道標
篠崎さんは何も尋ねなかったが、僕の方から説明した。戸籍上の性別が女性であることや、この容姿に至るまでの経緯を。ただし、篠崎さんに恋心を抱いていることは伏せた。
彼は、はじめこそ戸惑っていたものの、僕が丁寧に説明していくうちに柔和な態度に変わっていった。

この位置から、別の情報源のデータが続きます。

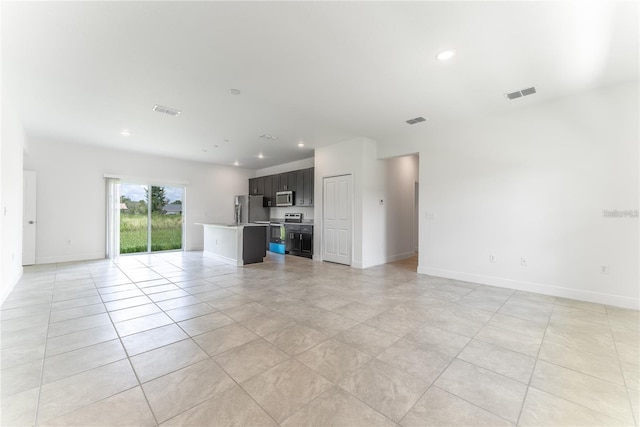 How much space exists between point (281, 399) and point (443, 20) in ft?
10.5

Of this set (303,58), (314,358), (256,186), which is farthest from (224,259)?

「そうか、俺はてっきりお前が完全な男だとばかり思っていたよ。」
そう言う彼に、僕も苦笑いで答えた。
「そうですよね。僕も今まで自分の心は完全に男性寄りだと思ってましたから。」
それからまた、いつものようにたくさん話しをした。友人や家族の話から、仕事、世界情勢の話まで様々。
気がつけば日が暮れかけていた。
「もうこんな時間ですね。帰りましょうか。」
そう僕が言うと、篠崎さんは改まってこう言った。
「カズ、お前が良ければこれからも俺と会ってくれや。」
僕はとびきりの笑顔で答えた。
「もちろんです。」
こうしてこの日、二人は別れた。
それから後も、篠崎さんは事あるごとに僕と会ってくれた。
次第に、彼の僕に対する扱いが変化していった。そんな日々を重ねたある日、彼の口から予期せぬ言葉が飛び出した。
「カズ、聞いてくれるか。俺は元々、女性が苦手でな。カズくらいがその、なんていうか、ちょうど付き合いやすいんだよなぁ。なんて、失礼か。何ていうかその――」
ゴニョゴニョと言い訳をする彼が、あまりにらしくなくて、僕は笑った。
「僕で――私で良ければ、よろしくお願いします。」
篠崎さんは「おお。」と言って、真っ赤な顔で笑っていた。
こうして、私たちは付き合うことになった。
それを期に、私自身の変化はさらに加速した。
周囲への説明――特に両親との話し合いは混乱を極めた。それでも両親は、時間はかかったが、最後には私の選択を尊重し、応援すると言ってくれた。
友人たちは一様に驚いていた。
僕の変化に気付いていた麻里奈とヒーコは、
「おめでとう!」
と声をそろえて祝福してくれた。
ナツキチに至っては、
「予想の斜め上いくなぁ。」
と、複雑な表情で感嘆していた。そんな親友たちの反応は、少しむず痒かった。
お世話になった病院へも、意を決して説明に行った。すると精神科の担当医はこう言った。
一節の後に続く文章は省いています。